In theory the reduction of the principal over the life of the loan has a huge impact on the amount of interest you will pay. In addition, all of your extra pay goes to the mortgage automatically thus reducing your debt.
The obvious "cons" we could think of include:
- Your extra money or savings is completely used to pay the principal.
- There may be Annual fees for the line of credit.
- Closing costs of the loan may negate the value of the acceleration.
- Interest rates on lines of credit are variable and generally higher than fixed rate mortgages.
- There may be fees to use the program.
So here's my "Credit Accelerator" spin:
- Select the credit card with the highest interest rate. (Also consider credit card rewards.)

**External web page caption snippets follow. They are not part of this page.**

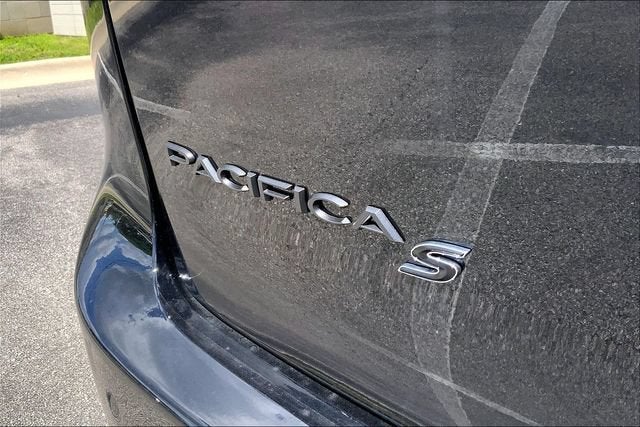 2027 Chrysler Pacifica Limited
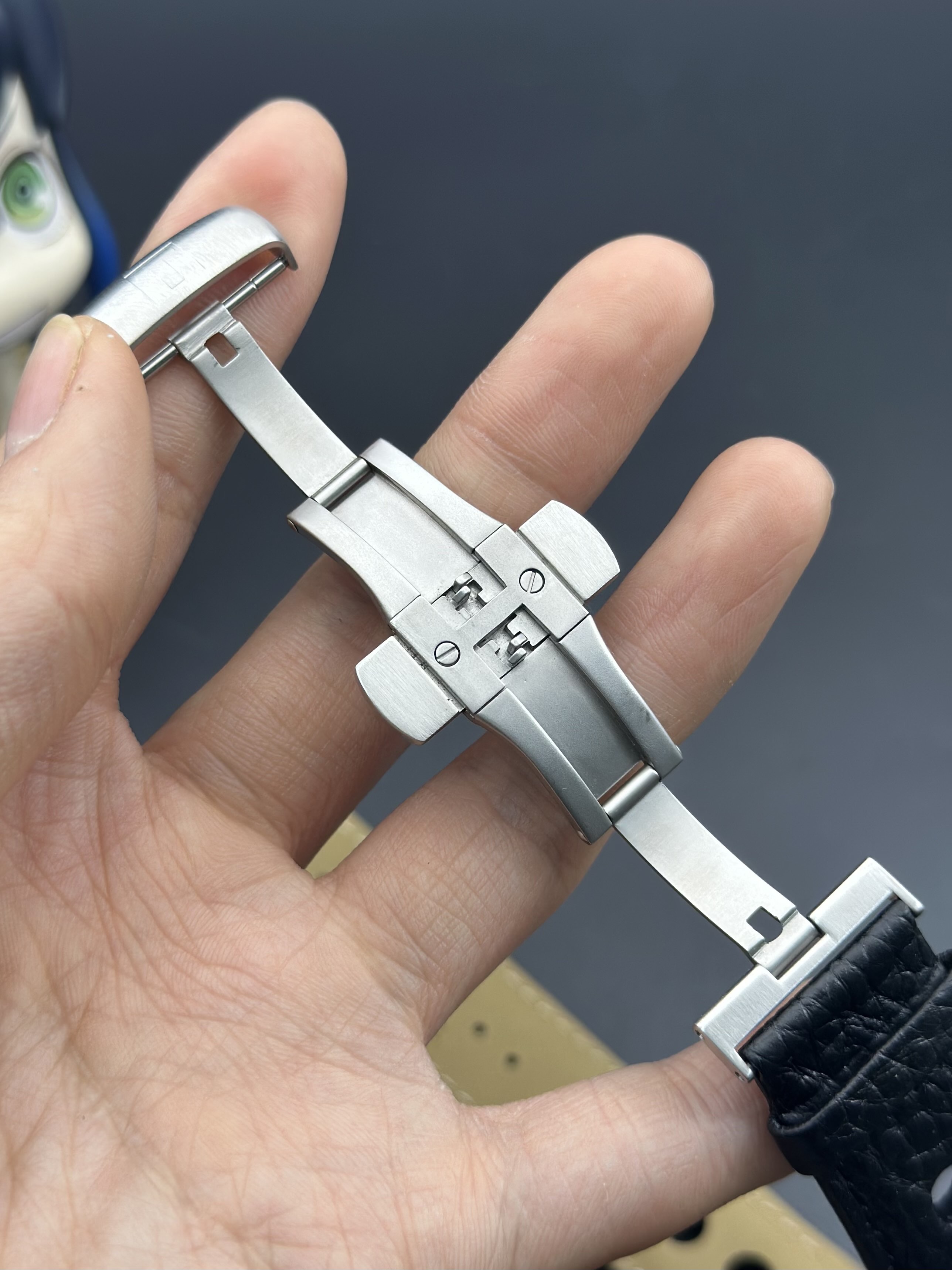 Tissot T044.614.26.051.00 detail 6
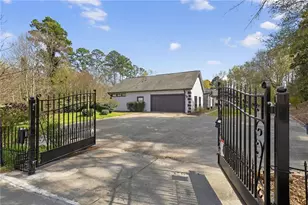 2320 Copper Trail Ln, Buford, GA 30519 - Photo 4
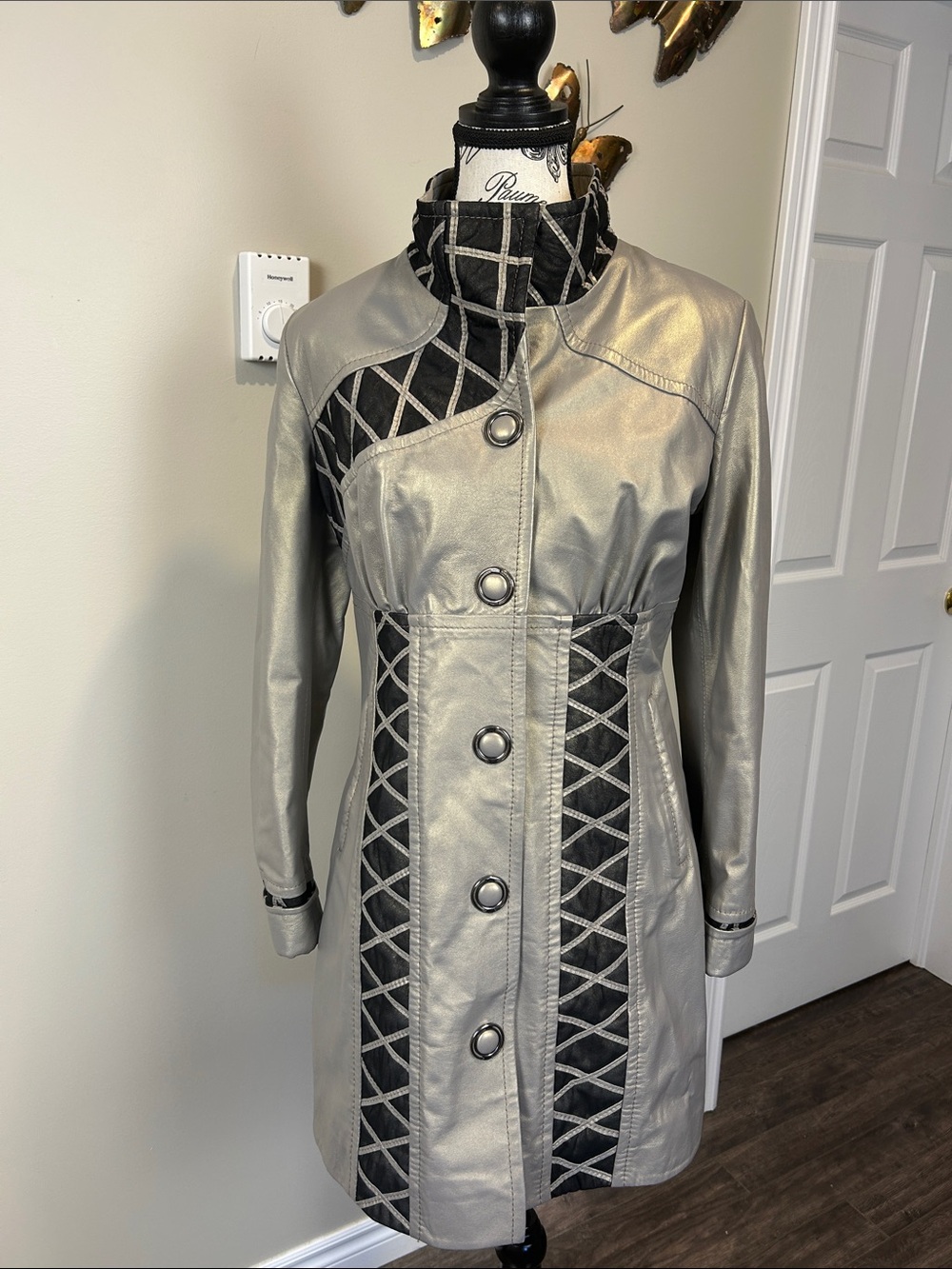 Dolce Vitalli Metallic Taupe Snake Print Moto Car Coat Jacket Medium - Picture 2 of 11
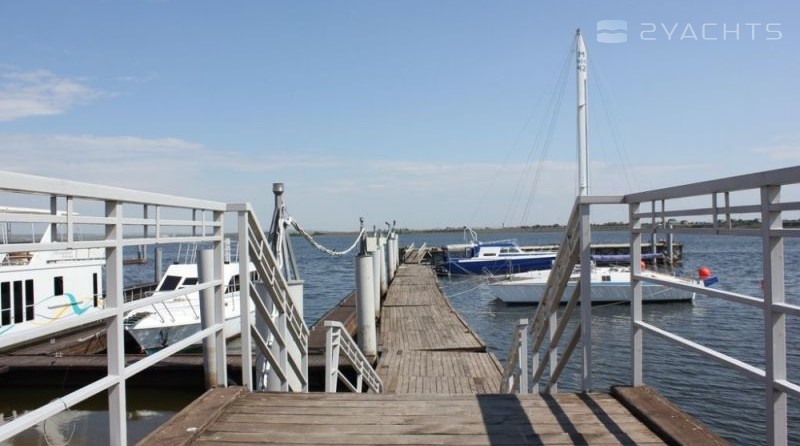 Yacht club "Boat house"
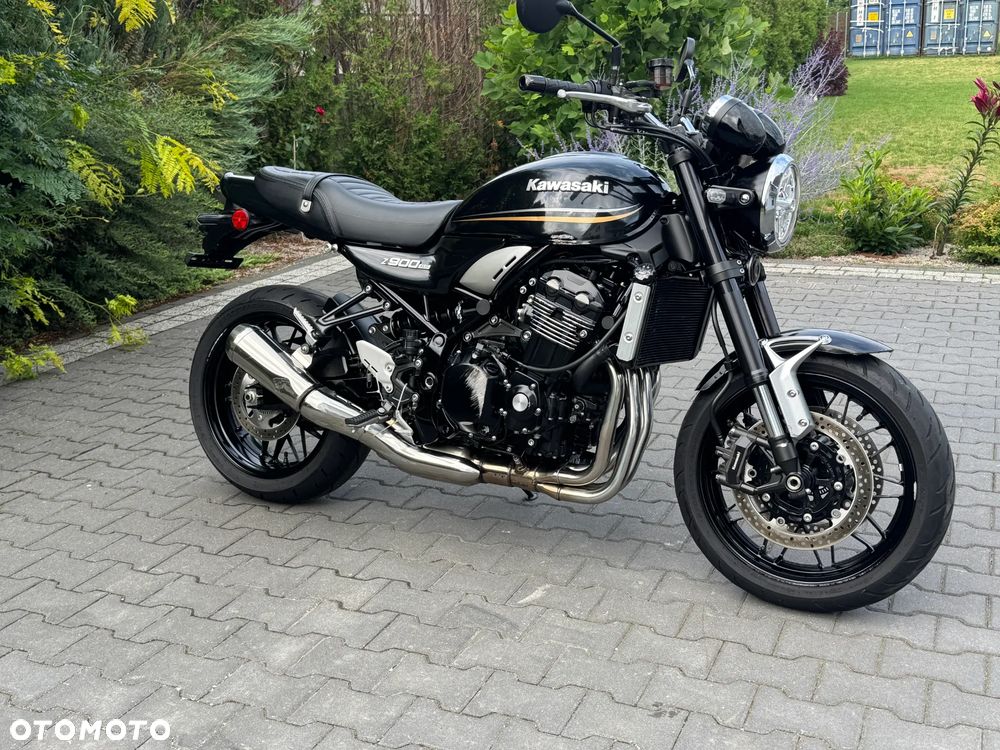 Kawasaki Z 900 RS - 5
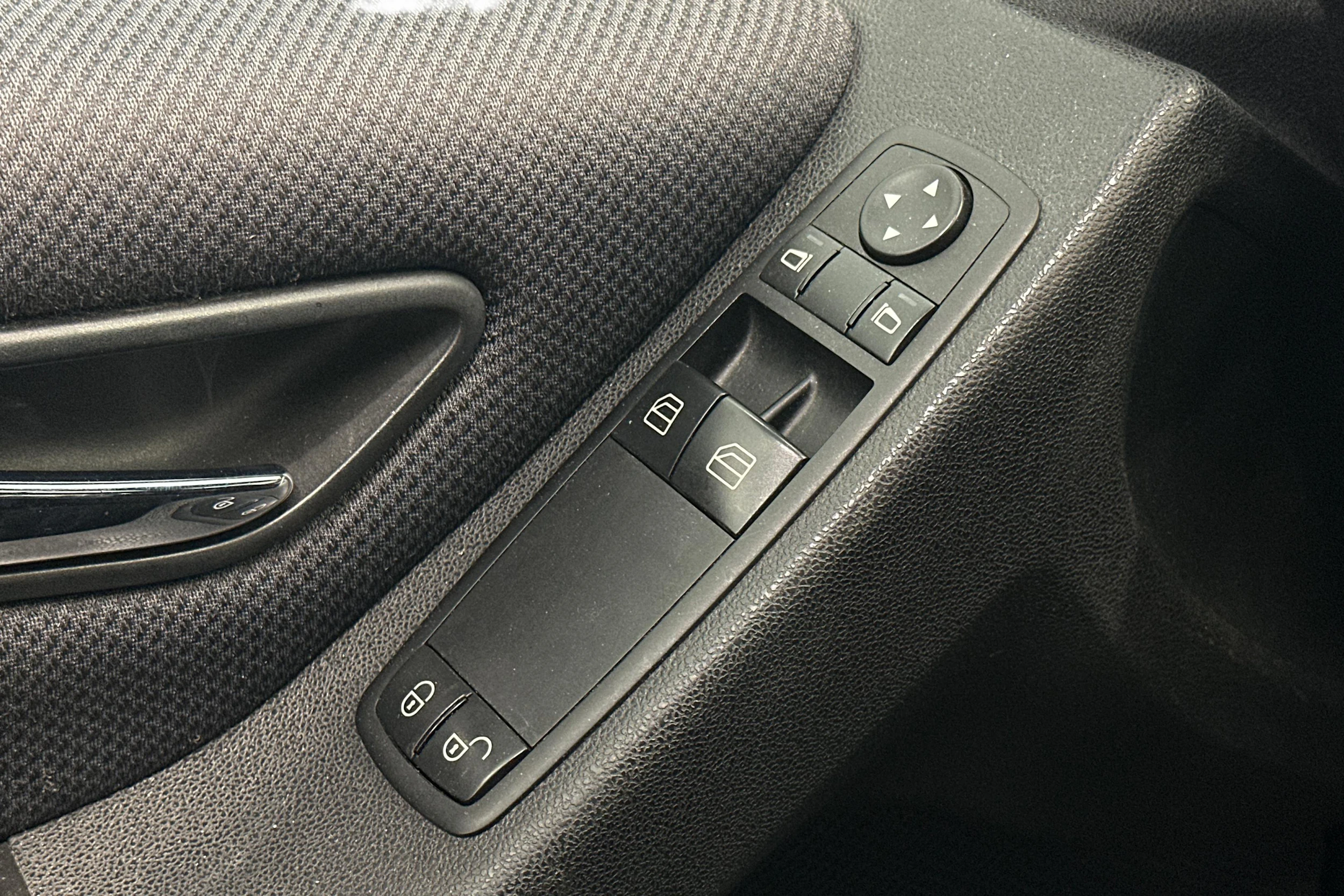 harmaa Mercedes-Benz A 2009 kuva 9.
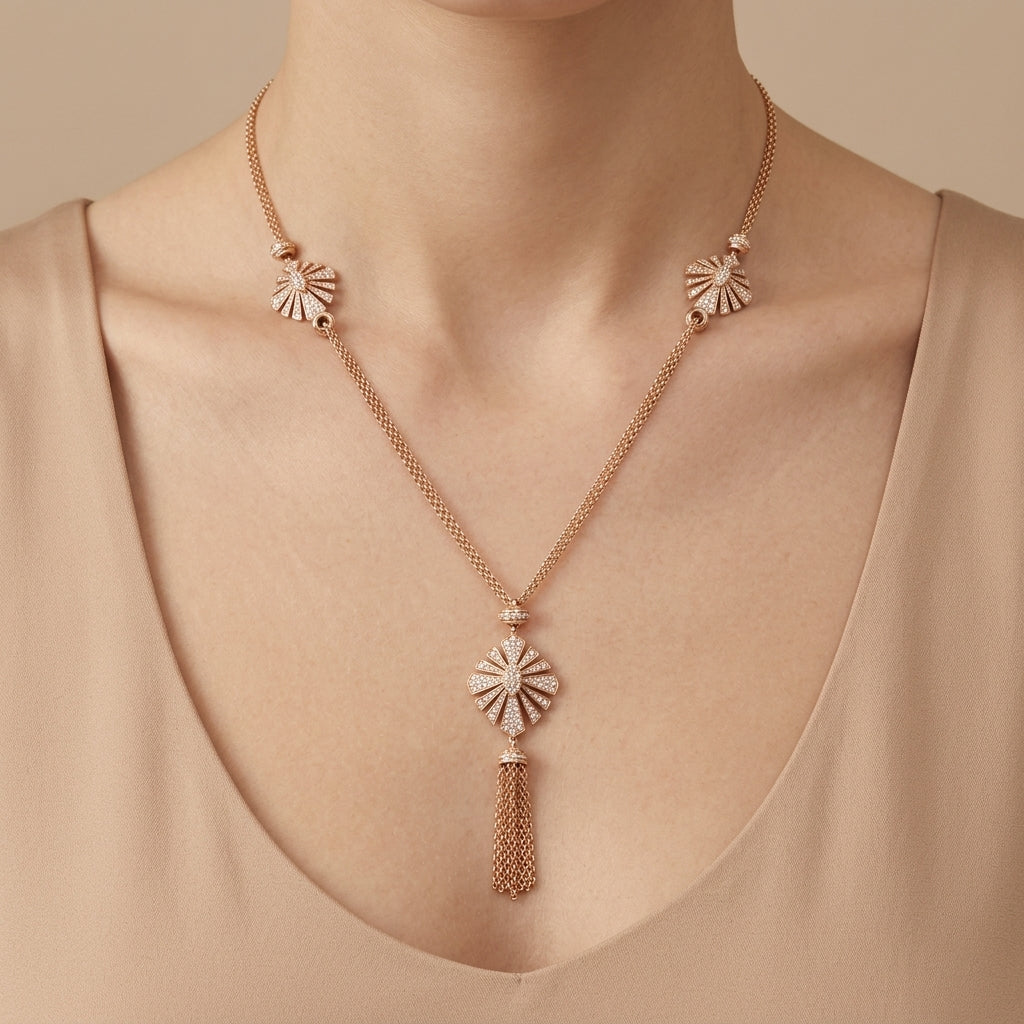 Sautoir en or rose 18k pendentif éventail à franges serti - bijou porté par une mannequin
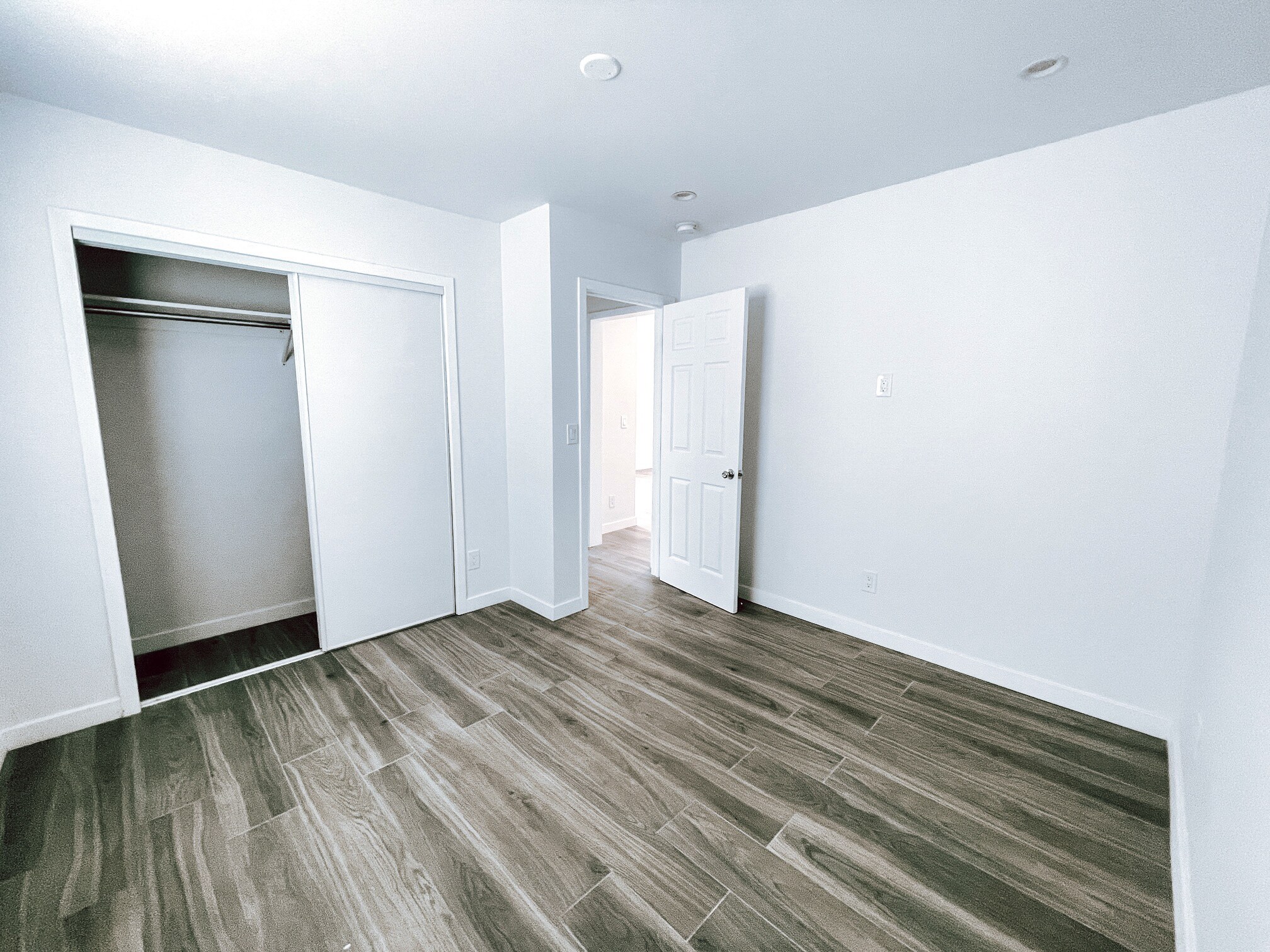 Building Photo - 6002 3rd Ave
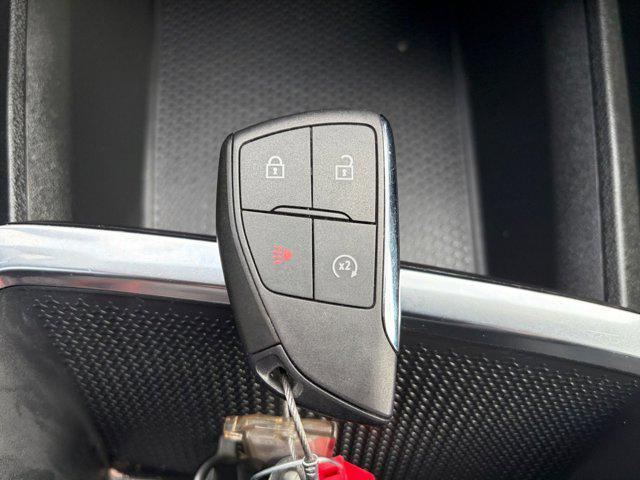 used 2025 Chevrolet Equinox car, priced at $25,305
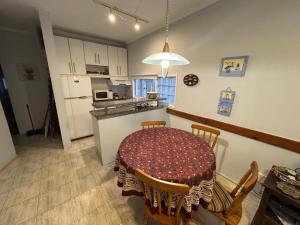 ED. EL ARANZAL في بونتا دل إستي: مطبخ مع طاولة وكراسي في الغرفة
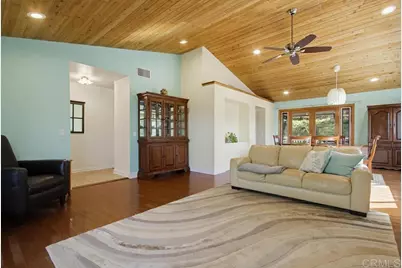 472 E Kalmia Street, Fallbrook, CA 92028 - Photo 8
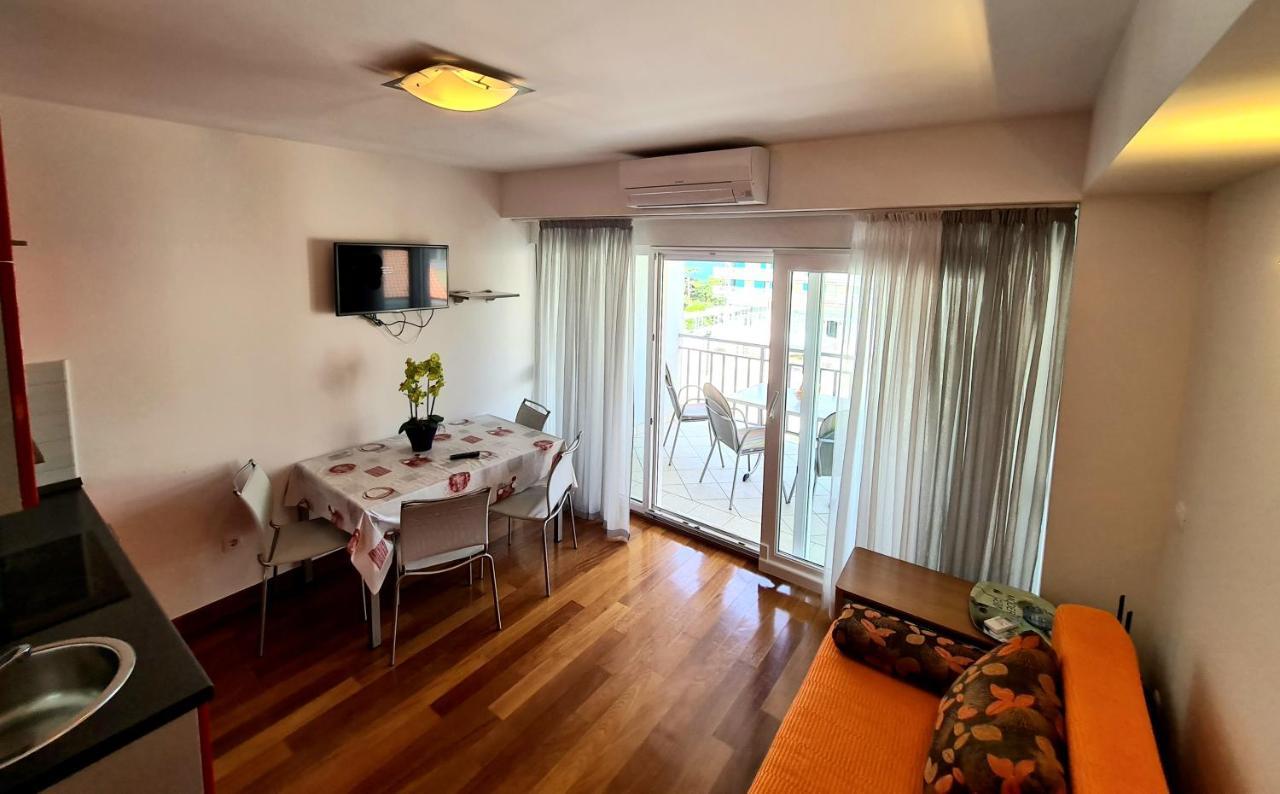 מאקרסקה Apartments Veronika מראה חיצוני תמונה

- List out all of your bills and expenses that you pay by check each month.
- If you can use a credit card to pay the expenses don't list them.
- List the savings deposits that you make each month.
- Deduct your bills, expenses, and savings from your monthly take home pay.
- The calculated amount can go against your credit card balance.
In theory the results of the steps listed above have the benefits of the "Mortgage Accelerator" with out the cons. Your high interest credit card balance is reduced and you have little to no extra fees. A word of caution: "Do NOT think of this as a way to increase spending. Spending more per month will add debt and will increase your expenses and will only make things worse".